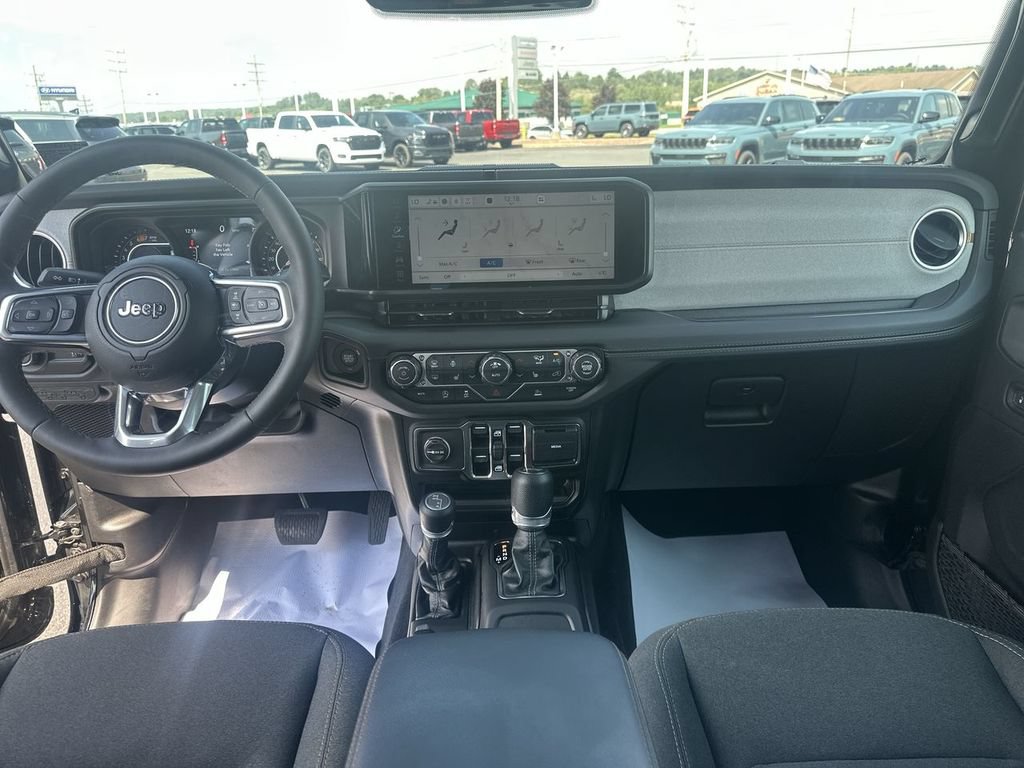 Used 2026 Jeep Wrangler Unlimited Sahara AWD/4WD image 10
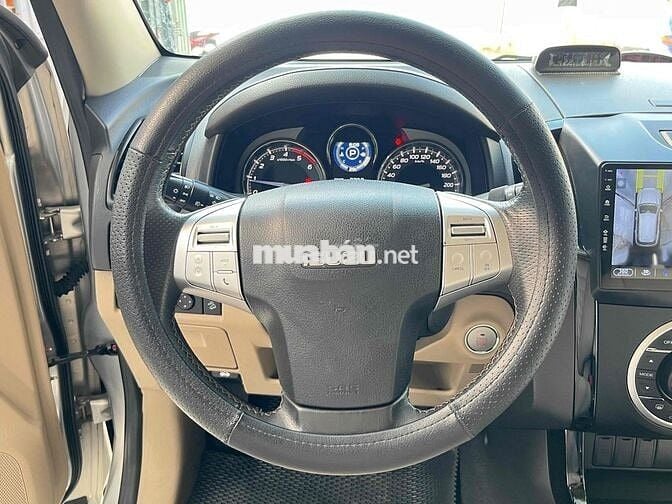 Isuzu MUX 3.0AT 4x4 2019 nhập Thái quá đẹp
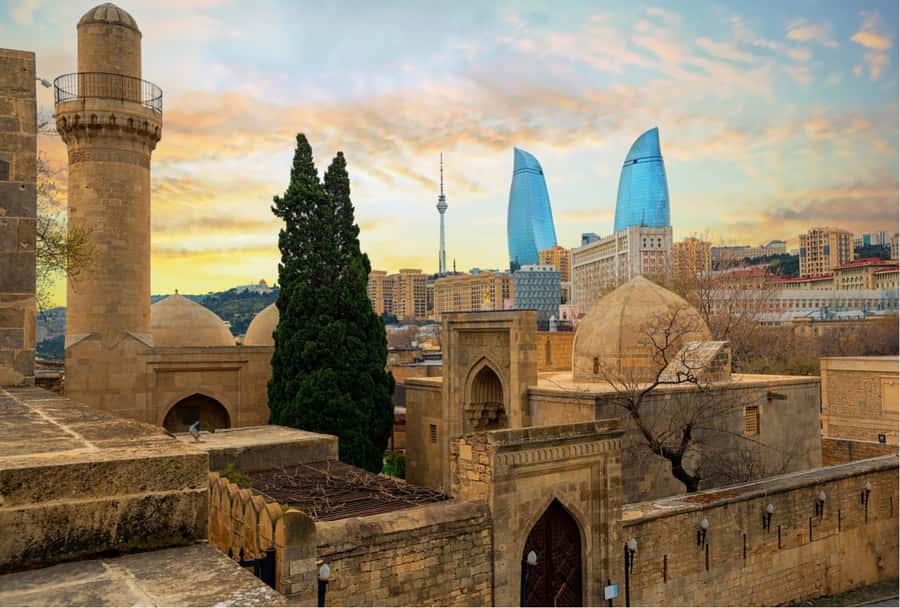 Old and Modern Baku City Tour - Baku Boulevard: sea air, cafes, and an easy stroll
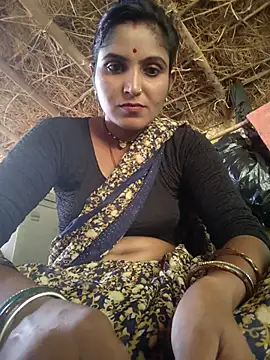 Snapshot of LUCKY_cut chatting on 10/02/25, 07:48 LUCKY cut online show from 10/02/25, 07:48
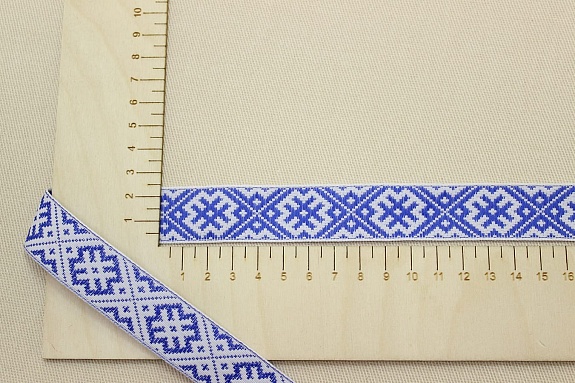 Жак.лента 24мм Синий орнамент на белом, рис.9707
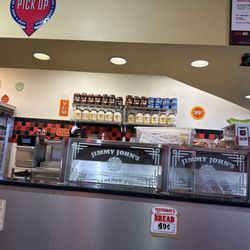 Jimmy John's - Nice and clean!
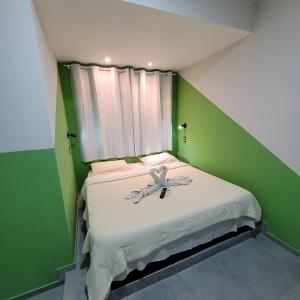 里约热内卢马拉卡旅馆的一间绿色的小房间,床上有蝴蝶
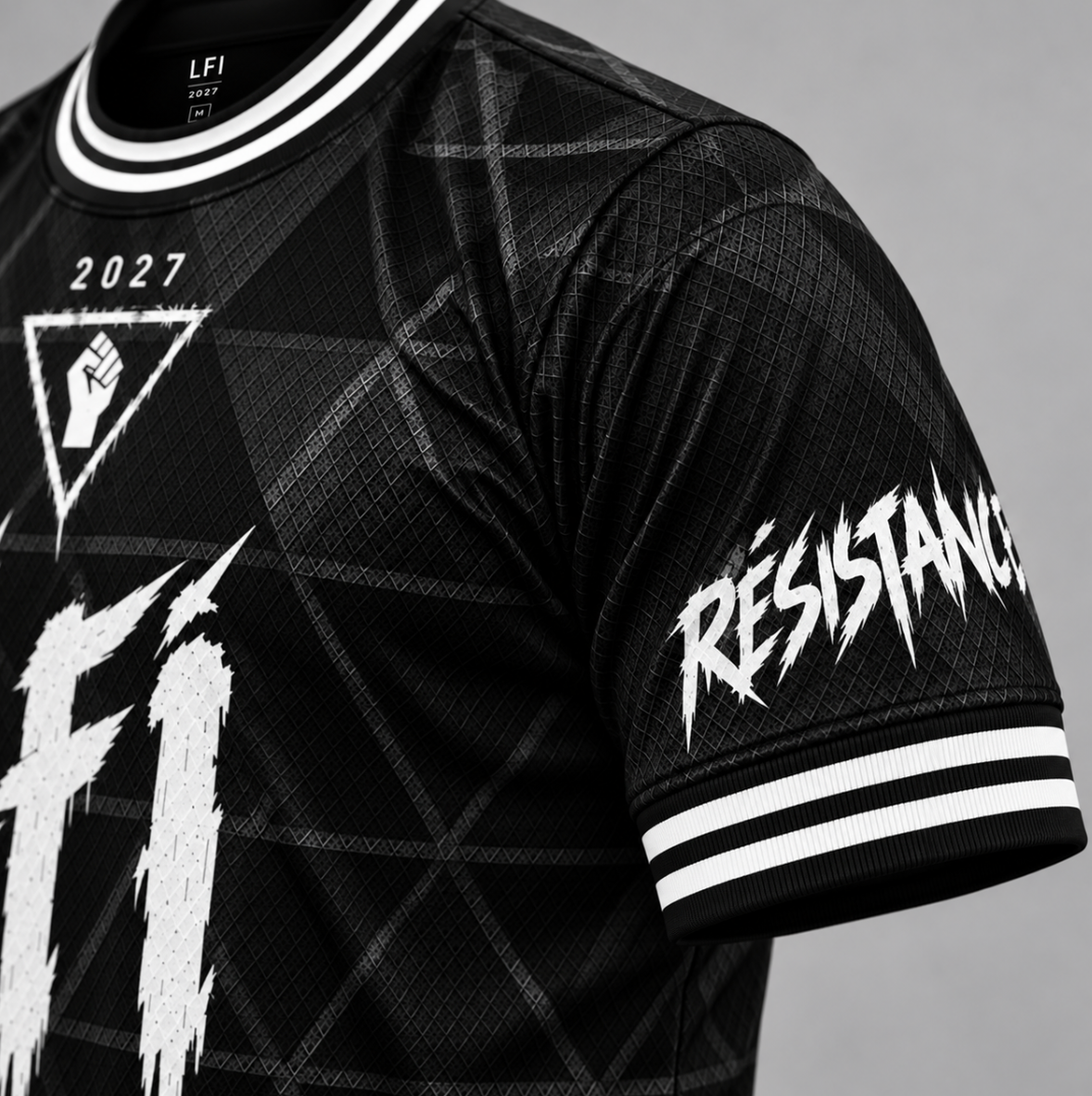 Détail de la manche du maillot LFI 2027, flocage « RÉSISTANCE »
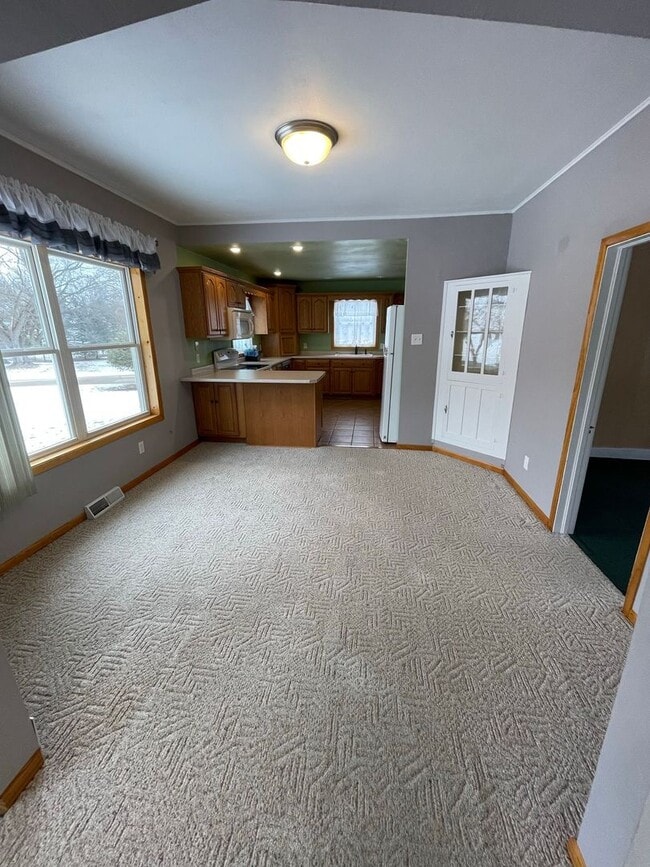 Building Photo - Single Family Home Available Now in Wittenberg WI!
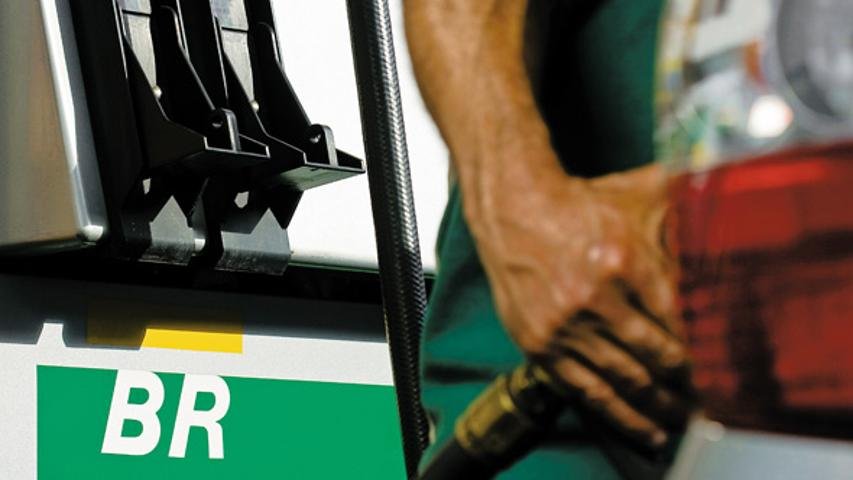 Petrobras desaba e GOL encara turbulência antes de balanço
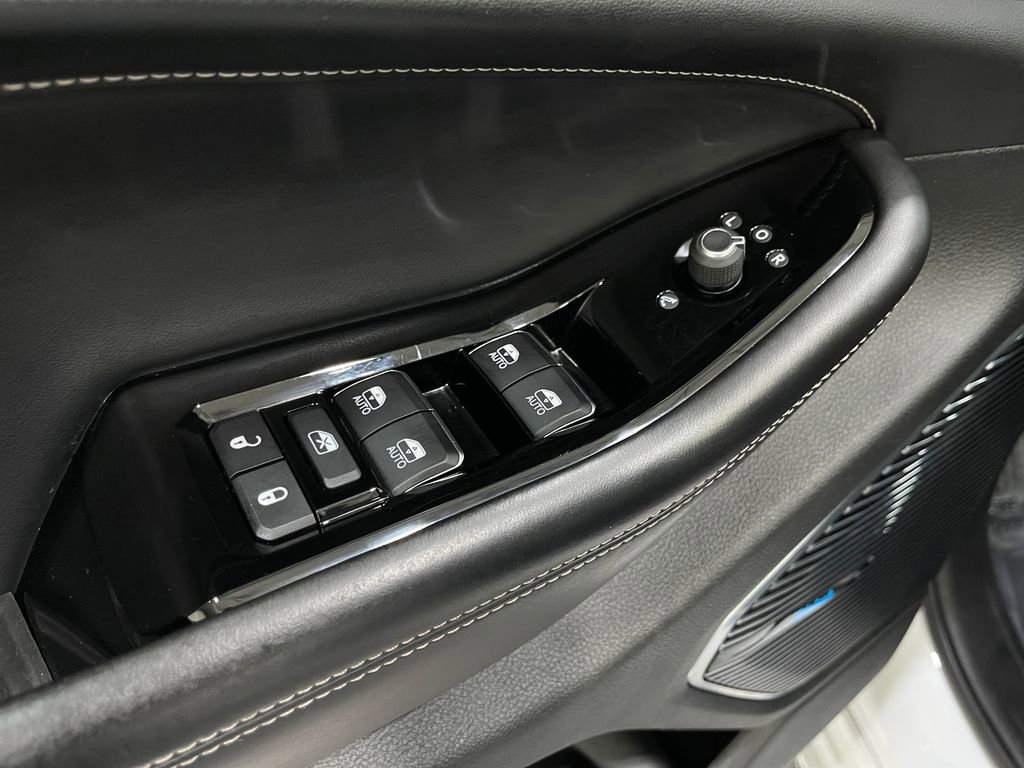 Used 2021 Jeep Grand Cherokee L Overland w/ Advanced Protech Group III image 17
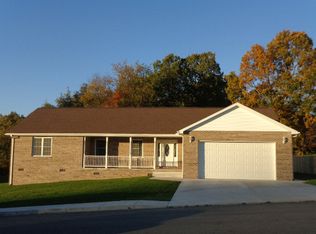 130 Warren St, Shady Spring, WV 25918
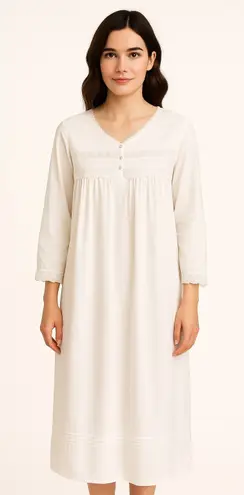 1990s Eileen West White Cotton Lace Pintuck Nightgown Medium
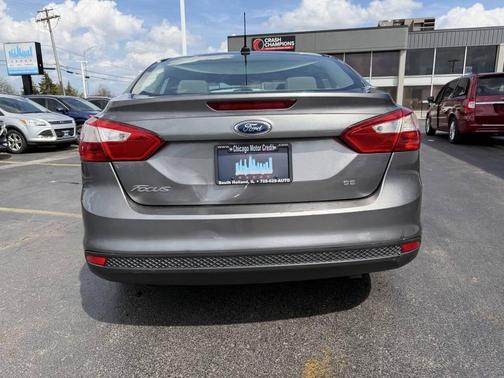 Sterling Gray Metallic 2014 Ford Focus SE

= = = = =

--- Aim of the task ---
What you need to retype is every line from the one that has "Détail de la" through the last line of the listing, both included, with the pictures left out.

--- Exercise response ---
 Détail de la manche du maillot LFI 2027, flocage « RÉSISTANCE »
 Building Photo - Single Family Home Available Now in Wittenberg WI!
 Petrobras desaba e GOL encara turbulência antes de balanço
 Used 2021 Jeep Grand Cherokee L Overland w/ Advanced Protech Group III image 17
 130 Warren St, Shady Spring, WV 25918
 1990s Eileen West White Cotton Lace Pintuck Nightgown Medium
 Sterling Gray Metallic 2014 Ford Focus SE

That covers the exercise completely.